__Material supplied__.
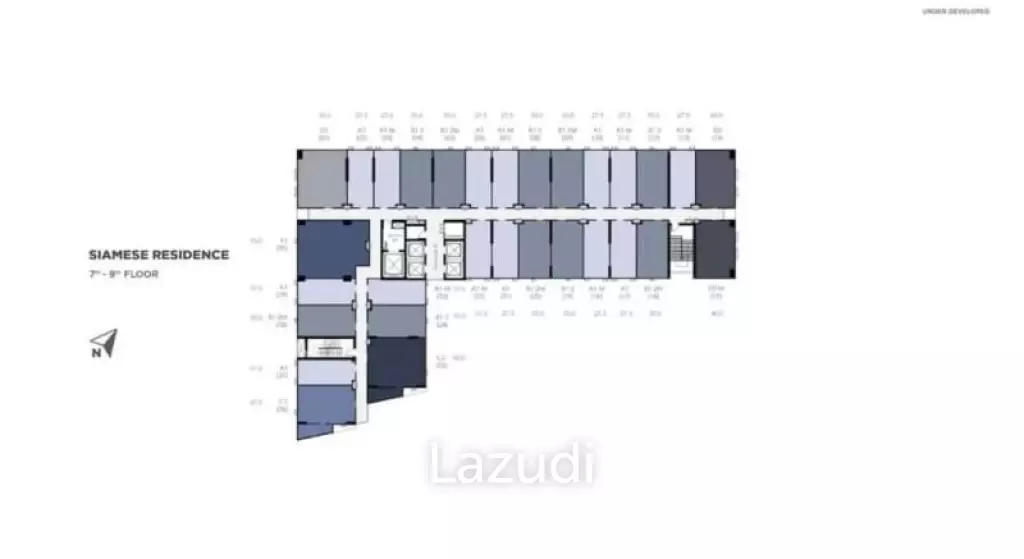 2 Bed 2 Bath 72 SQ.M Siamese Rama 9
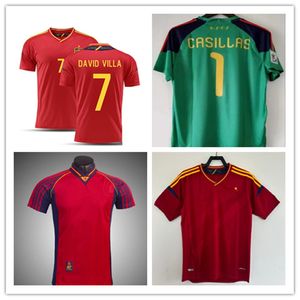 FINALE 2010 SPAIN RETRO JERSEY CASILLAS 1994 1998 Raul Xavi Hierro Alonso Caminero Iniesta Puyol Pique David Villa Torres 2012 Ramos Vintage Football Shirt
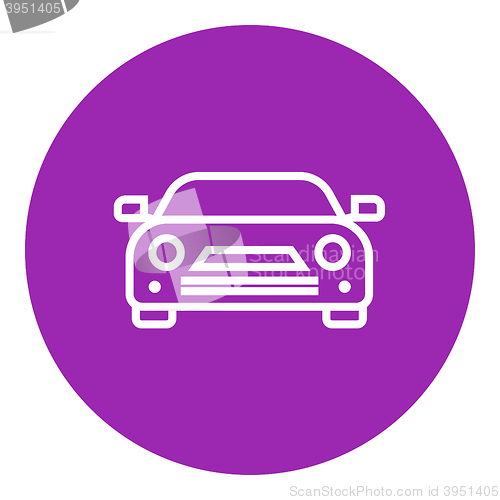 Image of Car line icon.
...
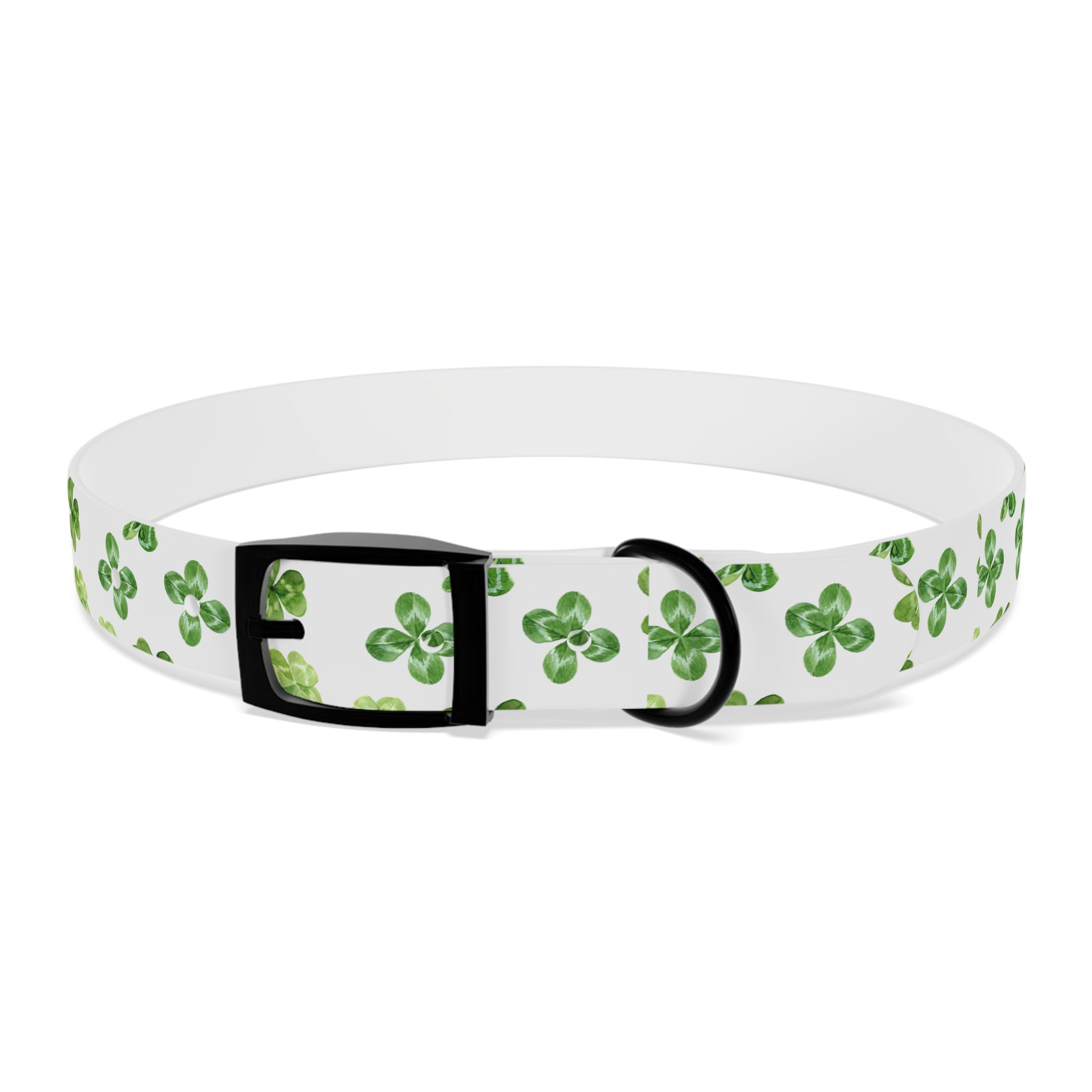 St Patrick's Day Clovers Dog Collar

__Try it__.
Return, exactly as they stand, the lines above from the one with "2 Bed 2 Bath 72 SQ.M Siamese Rama 9" to the one with "Image of Car line icon.", omitting any pictures among them.

__Expected answer__.
 2 Bed 2 Bath 72 SQ.M Siamese Rama 9
 FINALE 2010 SPAIN RETRO JERSEY CASILLAS 1994 1998 Raul Xavi Hierro Alonso Caminero Iniesta Puyol Pique David Villa Torres 2012 Ramos Vintage Football Shirt
 Image of Car line icon.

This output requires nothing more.